Please set down exactly the lines of the listing below from the line containing "Veste tweed rose" through the line containing "Agogie checkout page", both lines included, leaving out all other lines.

* _Exercise inputs_:

● ● ● ● ● ● ●

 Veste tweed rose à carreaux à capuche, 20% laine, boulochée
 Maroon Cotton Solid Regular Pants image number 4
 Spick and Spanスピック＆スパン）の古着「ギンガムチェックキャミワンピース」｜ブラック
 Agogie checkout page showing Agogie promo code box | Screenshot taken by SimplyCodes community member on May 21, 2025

● ● ● ● ● ● ●

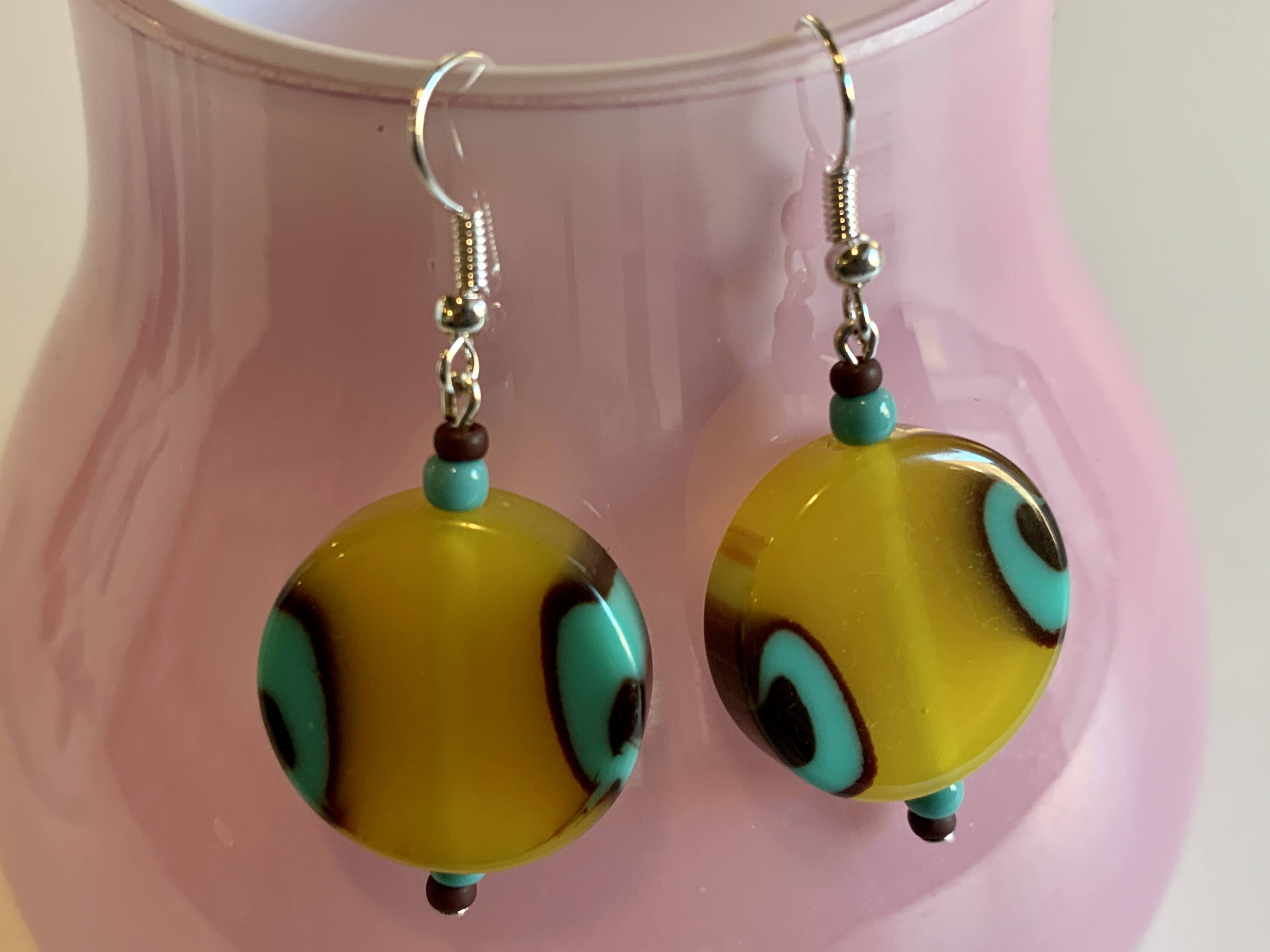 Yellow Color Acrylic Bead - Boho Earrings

● ● ● ● ● ● ●

* _Answer box_:
 Veste tweed rose à carreaux à capuche, 20% laine, boulochée
 Maroon Cotton Solid Regular Pants image number 4
 Spick and Spanスピック＆スパン）の古着「ギンガムチェックキャミワンピース」｜ブラック
 Agogie checkout page showing Agogie promo code box | Screenshot taken by SimplyCodes community member on May 21, 2025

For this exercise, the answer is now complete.